Retail deliveries of cars, multipurpose vehicles and sport utility vehicles (SUV) declined 3.2 percent last month from a year earlier to 1.43 million units, the China Passenger Car Association said yesterday on its Web site.
Sales last fell in February 2013, the group said.
Automakers including Volkswagen AG and General Motors Co, which count China as their largest market, have cut prices to defend market share, as demand slows and domestic rivals lure increasingly value-conscious customers with cheaper SUVs. A record rally in Chinese stocks turned into a rout last month, with the benchmark Shanghai Composite Index plunging more than 30 percent since June 12.

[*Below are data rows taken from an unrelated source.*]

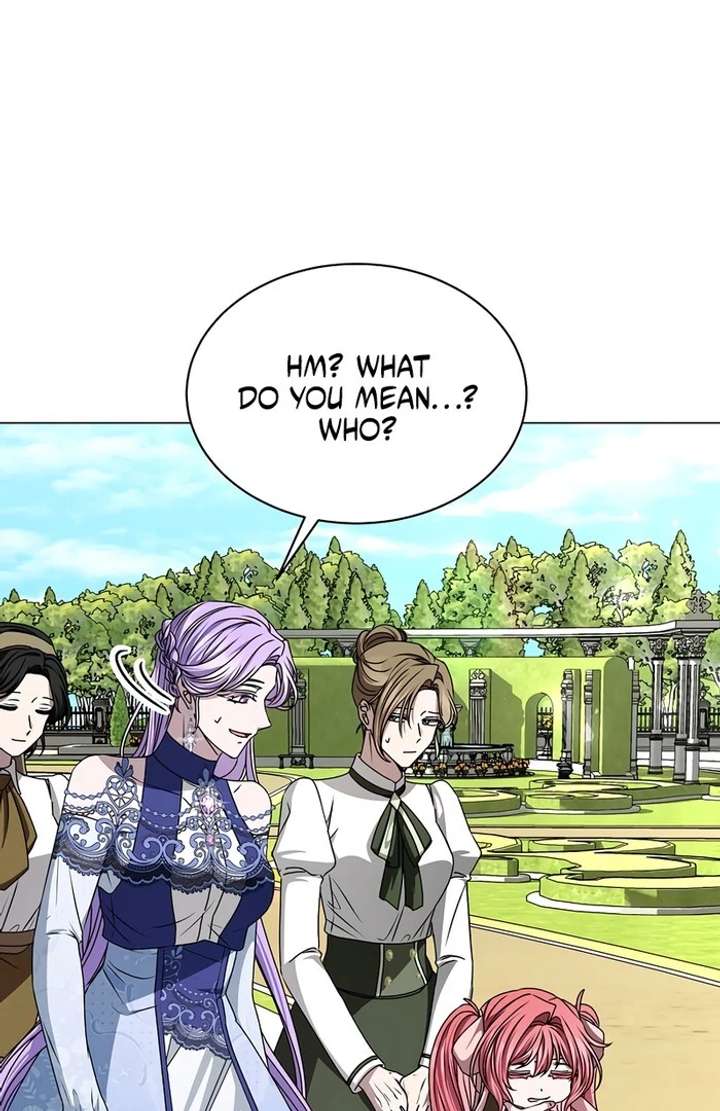 My Fiancé Keeps Trying to Raise Me Chapter 7 - Page 97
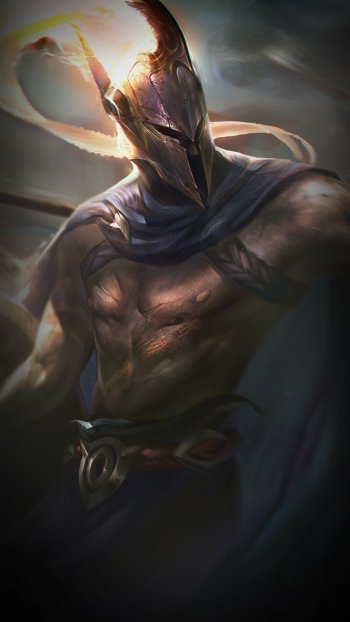 Pantheon (League Of Legends) video game League Of Legends Phone Wallpaper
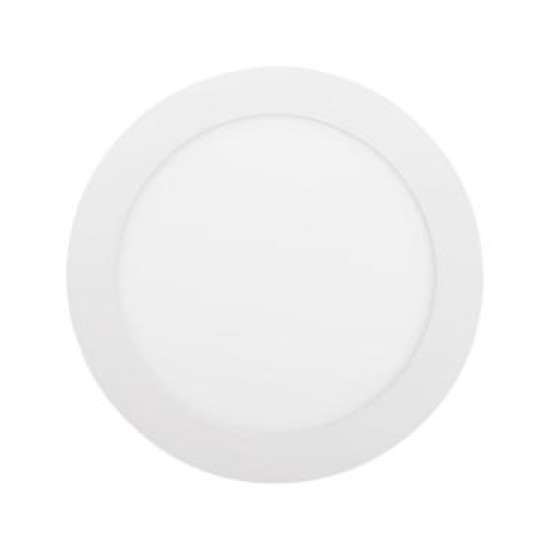 Spot Incastrat Rotund cu LED SMD 12W Alb 6400K 165x155 Spot Incastrat Rotund cu LED SMD 12W Alb 6400K 165x155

“Judging from the momentum, the second half is not looking too optimistic,” said John Zeng (曾志凌), Shanghai-based managing director at researcher LMC Automotive Asia Pacific Forecasting. “The growth slowdown will continue. Automakers will be more cautious in terms of production.”
Passenger-vehicle deliveries rose 8.4 percent in the first six months of the year, the association said, led by a 57 percent gain in SUV demand. Sales of sedans, the biggest category, fell 3 percent.
The slowdown in China is narrowing the growth gap with developed nations such as the US, where deliveries increased 4.4 percent in the first half.
The three-week slump in Chinese equities is acting like a “meat grinder” for auto demand, with consumers canceling purchases, association secretary-general Cui Dongshu (崔東樹) said.